**Work order**
Retype only the lines running from the beginning of the entries below to the line with "HelloYoung 357g Old", both included. Do not include pictures.

───── Data for the task

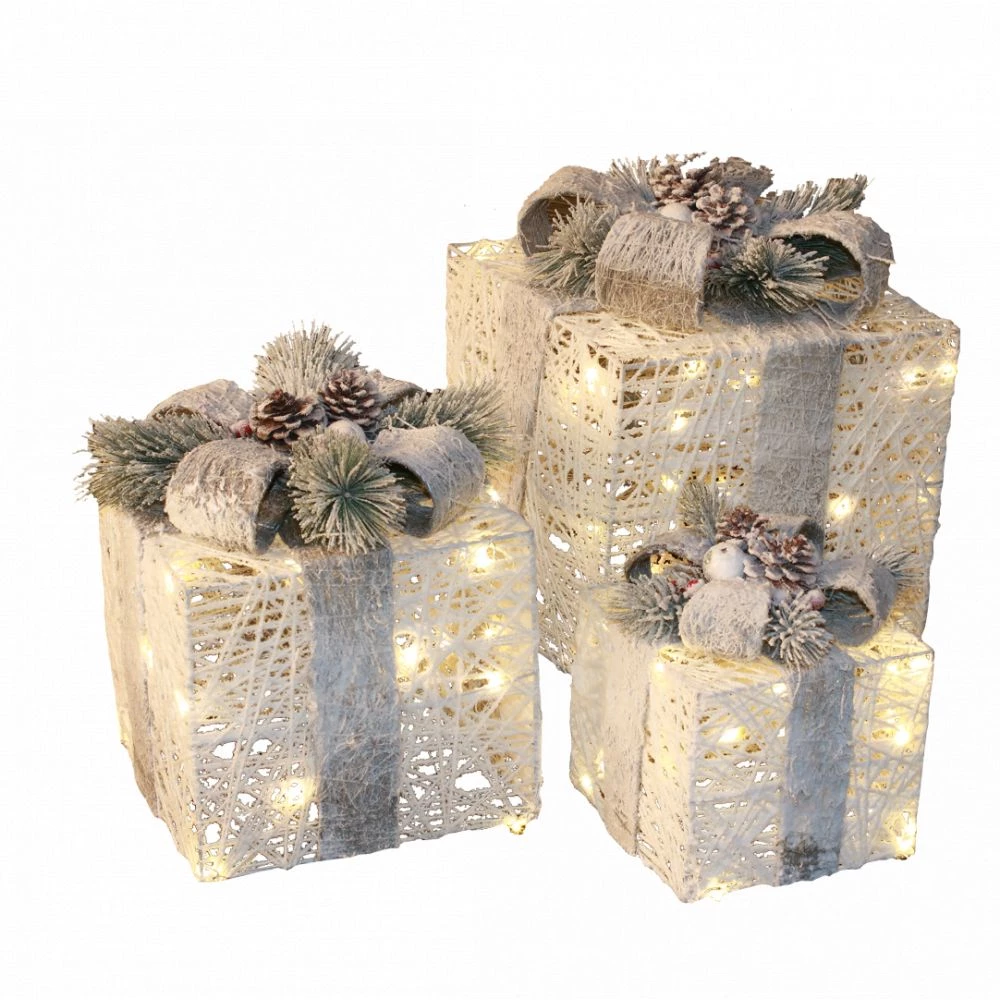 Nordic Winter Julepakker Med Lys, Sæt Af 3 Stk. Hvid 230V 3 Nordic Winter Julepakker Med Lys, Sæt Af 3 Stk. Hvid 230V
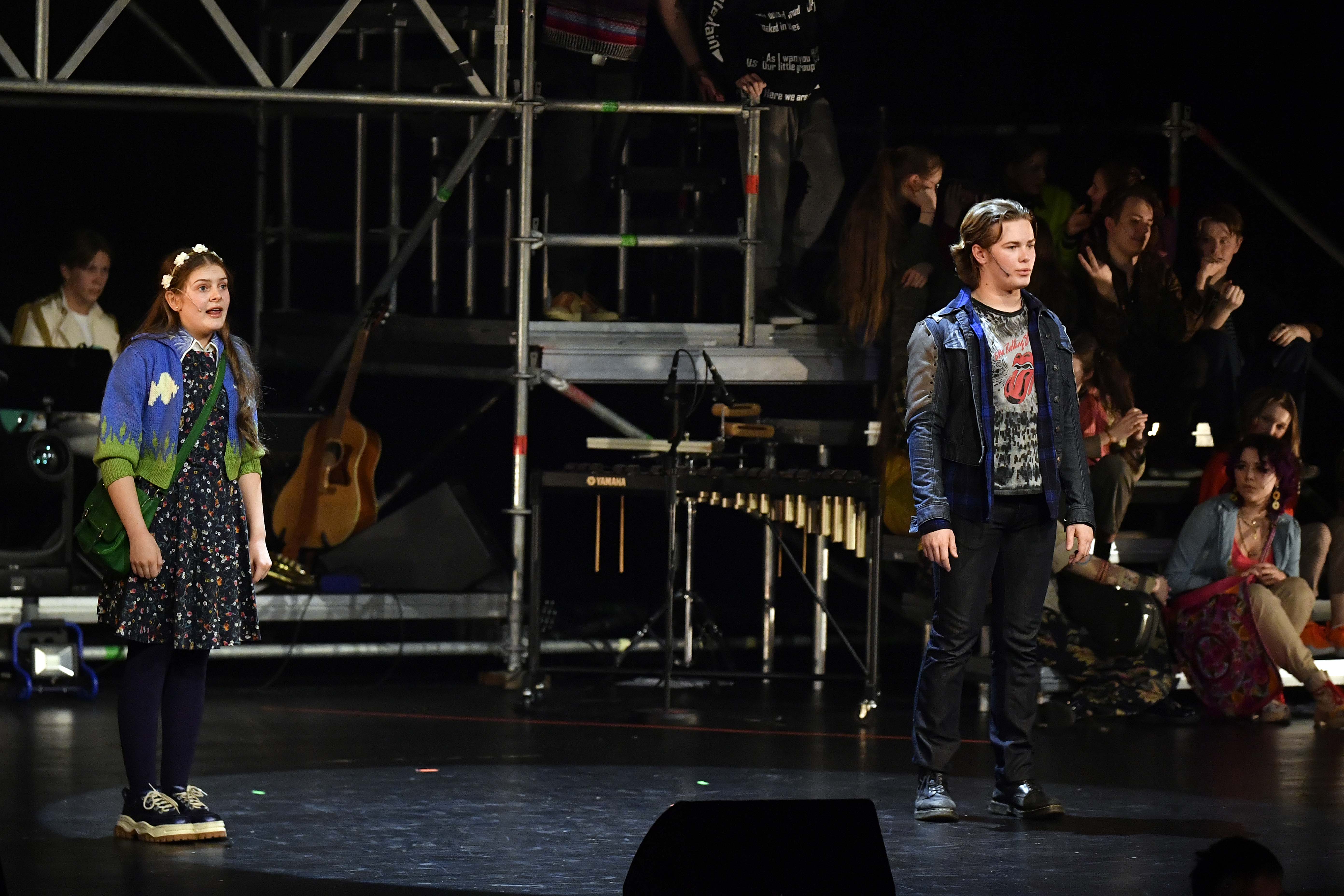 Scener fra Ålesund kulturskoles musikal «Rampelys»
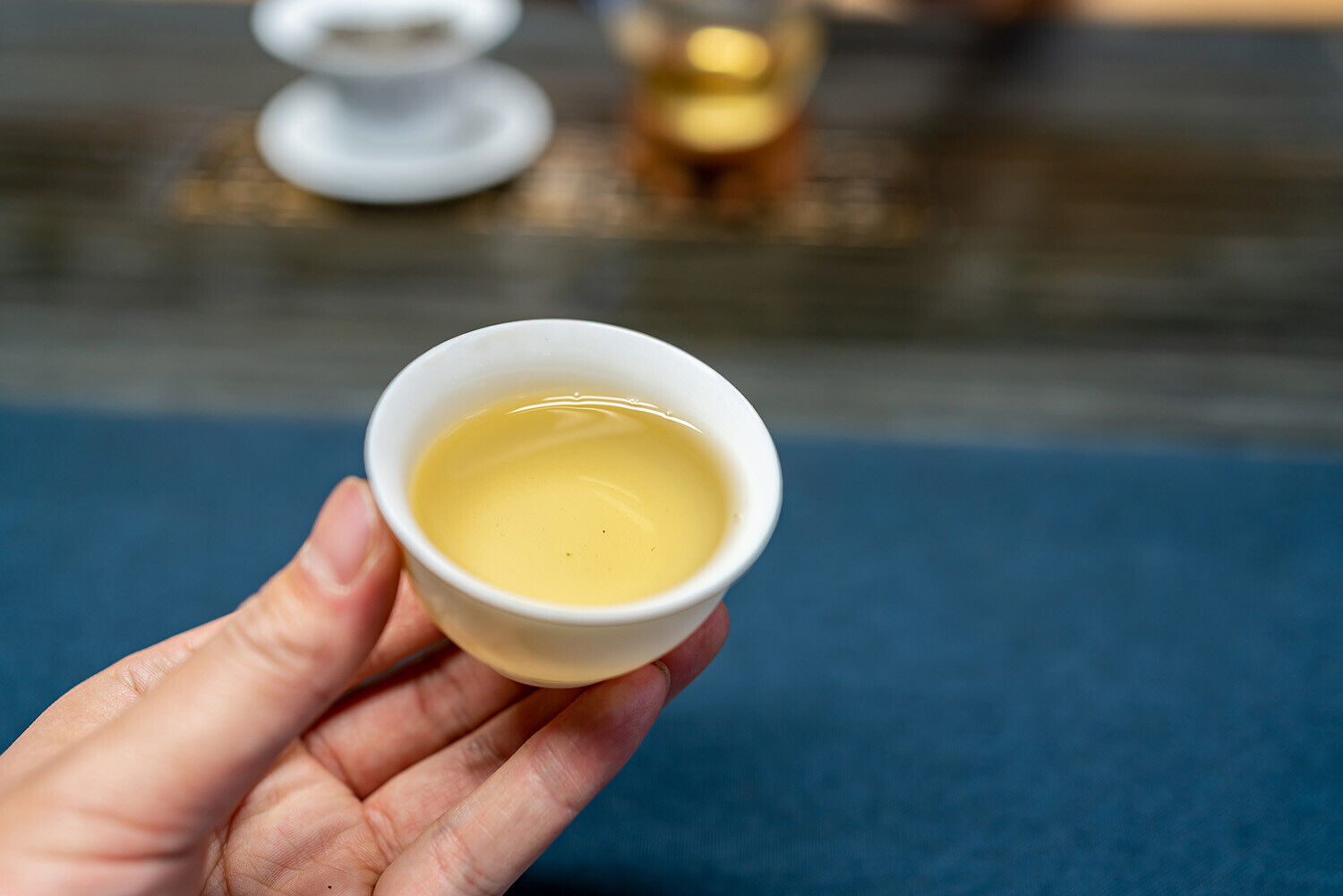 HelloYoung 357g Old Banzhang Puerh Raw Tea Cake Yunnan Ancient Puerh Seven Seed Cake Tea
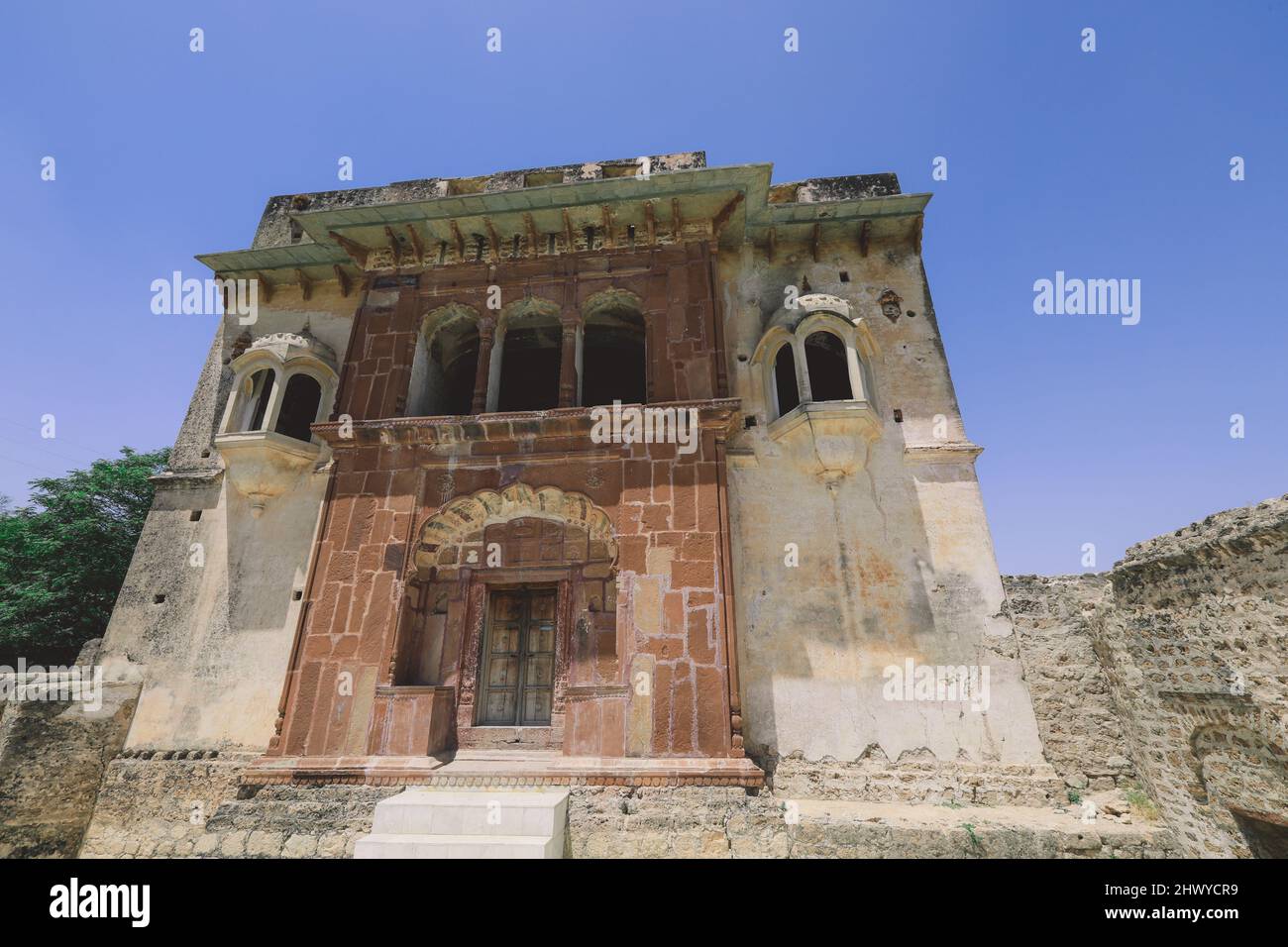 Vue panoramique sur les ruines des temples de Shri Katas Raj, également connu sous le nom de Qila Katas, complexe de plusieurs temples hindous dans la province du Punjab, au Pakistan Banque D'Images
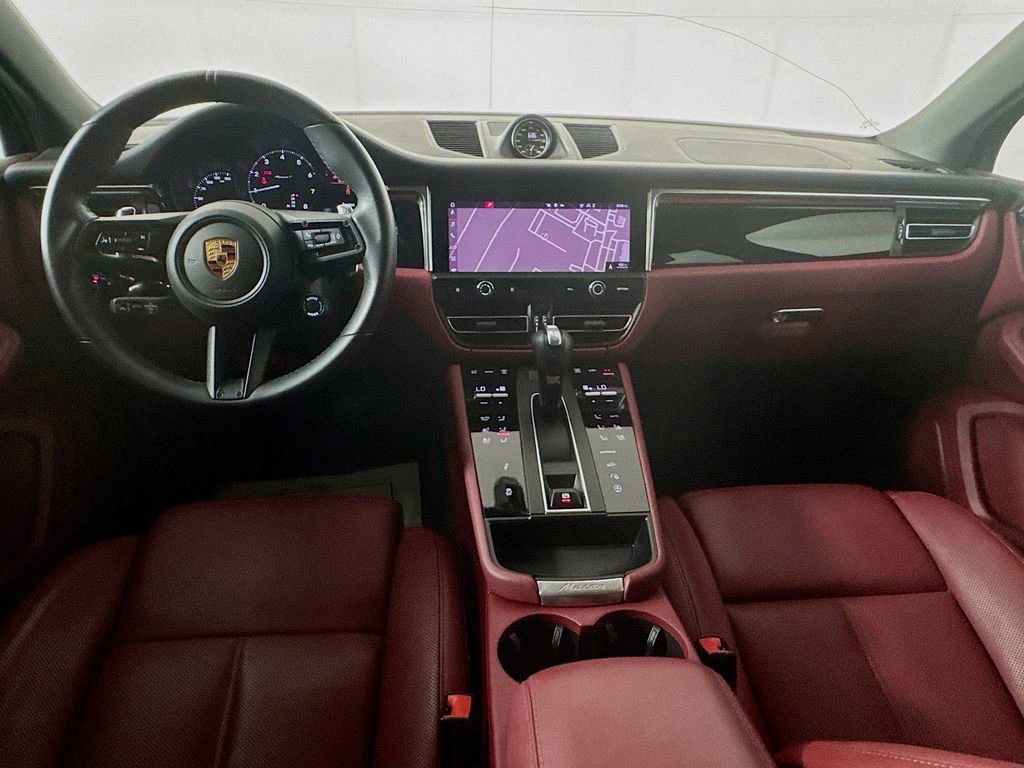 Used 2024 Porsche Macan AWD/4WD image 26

──────────

**Answer below**
 Nordic Winter Julepakker Med Lys, Sæt Af 3 Stk. Hvid 230V 3 Nordic Winter Julepakker Med Lys, Sæt Af 3 Stk. Hvid 230V
 Scener fra Ålesund kulturskoles musikal «Rampelys»
 HelloYoung 357g Old Banzhang Puerh Raw Tea Cake Yunnan Ancient Puerh Seven Seed Cake Tea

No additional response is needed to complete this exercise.